The government and Mexico’s traditional political espionage went high-tech

Victims say the use of Pegasus spyware through 2017 had a chilling effect on journalists and human rights workers. The government says it halted the practice, but questions remain.

The phone numbers of dozens of people close to Mexican President Andrés Manuel López Obrador appeared on a list that included some selected for surveillance since 2016 by clients of NSO Group, an Israeli security company. (Luis Antonio Rojas/Bloomberg News)

MEXICO CITY — In 2017, investigators discovered traces of Pegasus spyware on the phones of several Mexican journalists and civic activists. The government acknowledged it had used Pegasus — but only, officials said, to fight criminals. Amid the backlash, the Justice Ministry stopped using the surveillance tool.

Four years later, Pegasus has become the most prominent symbol of an explosion of high-tech political spying in Mexico. And yet the mystery around its use has only deepened. The Justice Ministry told a government watchdog agency in 2019 that it had uninstalled the spyware licensed by the Israeli-based NSO Group — but it had no records of how or when, or what happened to any data collected. Mexican federal prosecutors are investigating the alleged abuse of the hacking tool.

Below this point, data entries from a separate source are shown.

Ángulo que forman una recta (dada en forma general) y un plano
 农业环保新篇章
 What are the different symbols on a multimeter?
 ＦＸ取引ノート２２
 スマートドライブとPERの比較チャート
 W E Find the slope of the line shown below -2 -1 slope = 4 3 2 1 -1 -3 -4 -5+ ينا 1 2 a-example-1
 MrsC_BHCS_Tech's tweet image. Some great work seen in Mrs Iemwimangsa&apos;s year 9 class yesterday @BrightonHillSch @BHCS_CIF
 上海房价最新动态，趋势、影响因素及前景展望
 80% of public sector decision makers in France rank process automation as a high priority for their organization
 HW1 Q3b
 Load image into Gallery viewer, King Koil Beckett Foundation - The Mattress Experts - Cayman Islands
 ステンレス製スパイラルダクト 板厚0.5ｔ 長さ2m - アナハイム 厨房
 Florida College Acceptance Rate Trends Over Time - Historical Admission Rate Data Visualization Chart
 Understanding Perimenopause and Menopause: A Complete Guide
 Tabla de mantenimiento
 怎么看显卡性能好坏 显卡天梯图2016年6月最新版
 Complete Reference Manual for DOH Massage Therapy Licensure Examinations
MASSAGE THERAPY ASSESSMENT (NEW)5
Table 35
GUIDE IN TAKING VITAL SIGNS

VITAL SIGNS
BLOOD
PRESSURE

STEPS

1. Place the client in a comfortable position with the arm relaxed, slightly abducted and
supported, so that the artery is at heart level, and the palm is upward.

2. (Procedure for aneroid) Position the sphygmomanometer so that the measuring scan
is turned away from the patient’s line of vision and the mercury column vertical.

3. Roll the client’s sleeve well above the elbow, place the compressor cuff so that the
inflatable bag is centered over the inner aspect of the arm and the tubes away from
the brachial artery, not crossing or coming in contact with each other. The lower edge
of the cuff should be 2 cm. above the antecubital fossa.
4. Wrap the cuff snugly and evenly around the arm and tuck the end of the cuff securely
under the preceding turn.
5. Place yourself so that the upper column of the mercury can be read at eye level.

A new investigation by The Washington Post and 16 media partners are raising further questions about the use of Pegasus in this young democracy. The investigation has found evidence of the spyware in attempted and successful hacks of 37 smartphones belonging to journalists, human rights activists, and business people around the world. Their numbers appear on a list of more than 50,000 numbers concentrated in countries known to have been clients of NSO.

Nearly one-third of the numbers are in Mexico, all from 2016 and 2017. The team of journalists identified and verified more than 400 of them. They include phone contacts for dozens of people close to then-presidential candidate Andrés Manuel López Obrador: top advisers, his wife, three of his sons, his brothers, his drivers — even his cardiologist. Scores of numbers for other top politicians appeared, as well as those for union representatives, journalists, and civic activists. Forbidden Stories, a Paris-based journalism nonprofit, and Amnesty International, a human rights group, had access to the list and shared it with the news organizations, which did further research and analysis. Amnesty’s Security Lab did the forensic analyses on the smartphones.

Read key takeaways from the Pegasus Project It is not known how many of the Mexican phones were selected for surveillance or how many were successfully targeted. The consortium did not verify additional infections in Mexico but did identify attempted penetrations in the phones of a Mexican magazine reporter and a broadcast journalist’s assistant whose numbers were on the list. Analysis of the phones of a human rights defender and a former prosecutor on the list were inconclusive; both had replaced the phones they used in 2016 and 2017, making detection of any hacking attempt more difficult.